Researchers and designers often aim to improve something unfamiliar to them. As the four of us soon found out, we also needed to remodel our research tools.
For background on the Rwanda we arrived in and the project we worked on, check out the companion to this post: The World Cup, Rwanda, and User Experience Research.
Without a schedule…
Our research plan did not include the schedule you might expect, with slots and breaks and participants all in a row. Instead of making sure we were on the appropriate calendars, our staff in Rwanda responded to our requests with “Let’s wait.”
You may have heard the phrase “Africa time.” It’s often spoken in an exasperated voice and as a euphemism for “nothing ever runs on time.”
I found Africa time, however, to mean something else. Instead of worrying over schedule, most folks we encountered were focused on what was happening at that moment with the people around them.

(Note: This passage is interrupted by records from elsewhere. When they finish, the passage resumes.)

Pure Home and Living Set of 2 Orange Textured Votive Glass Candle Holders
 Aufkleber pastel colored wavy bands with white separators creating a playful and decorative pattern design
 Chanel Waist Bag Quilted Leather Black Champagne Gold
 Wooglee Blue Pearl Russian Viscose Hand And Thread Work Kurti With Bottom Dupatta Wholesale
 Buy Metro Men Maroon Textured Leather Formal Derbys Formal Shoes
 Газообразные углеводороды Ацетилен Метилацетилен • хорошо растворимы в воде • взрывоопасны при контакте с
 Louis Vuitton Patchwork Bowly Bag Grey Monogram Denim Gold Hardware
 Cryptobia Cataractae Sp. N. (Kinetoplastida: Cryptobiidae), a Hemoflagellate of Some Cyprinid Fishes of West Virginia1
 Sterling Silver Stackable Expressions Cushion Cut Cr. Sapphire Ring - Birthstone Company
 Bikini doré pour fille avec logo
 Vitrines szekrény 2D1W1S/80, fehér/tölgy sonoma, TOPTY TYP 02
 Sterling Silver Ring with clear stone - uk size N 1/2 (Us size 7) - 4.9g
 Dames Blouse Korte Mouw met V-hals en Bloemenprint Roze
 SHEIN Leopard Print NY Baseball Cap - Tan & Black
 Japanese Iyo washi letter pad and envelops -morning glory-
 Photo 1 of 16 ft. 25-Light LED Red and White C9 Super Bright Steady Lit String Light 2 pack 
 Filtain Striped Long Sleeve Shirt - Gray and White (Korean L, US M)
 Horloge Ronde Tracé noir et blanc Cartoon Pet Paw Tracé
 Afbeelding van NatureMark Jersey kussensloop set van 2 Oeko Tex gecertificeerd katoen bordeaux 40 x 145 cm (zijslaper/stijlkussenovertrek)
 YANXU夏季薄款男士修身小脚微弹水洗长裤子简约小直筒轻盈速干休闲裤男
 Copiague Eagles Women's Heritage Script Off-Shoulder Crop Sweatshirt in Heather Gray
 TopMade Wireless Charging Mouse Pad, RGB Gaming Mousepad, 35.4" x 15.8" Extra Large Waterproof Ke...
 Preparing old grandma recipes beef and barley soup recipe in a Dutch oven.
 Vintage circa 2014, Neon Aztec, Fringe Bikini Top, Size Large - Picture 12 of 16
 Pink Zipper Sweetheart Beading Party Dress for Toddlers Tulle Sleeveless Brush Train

So, it wasn’t until a couple days after we arrived in Kigali that we knew which four schools we would visit.
…do spontaneous research.
We could do exploratory research:
- Non-leading interviews
- Follow-your-curiosity explorations
Or evaluative research:
- Usability tests on laptops
- Web training observations
We prepared scripts and materials for interviews, usability tests, and training observations. The “follow your curiosity” research was the most fun, exciting, and—as it turns out—informative.
We had the opportunity to follow our curiosity a few times throughout our stay:
- My fellow researcher walked all over one campus with a teacher trainer, even seeing where the trainers lived and prepared when not in the classroom.
- I ducked out of a training session to see the school library and talk to its librarian.
- Another day, the two of us sat among a half dozen teacher trainers at the lunch prepared by teachers and staff, and lead a half dozen micro-interviews.
Thanks to the permission we gave ourselves to explore, we learned much more than we could have if we had attempted to follow a schedule.
Without advanced recruiting…
With the lack of schedule, we could not follow a formal process for recruiting participants.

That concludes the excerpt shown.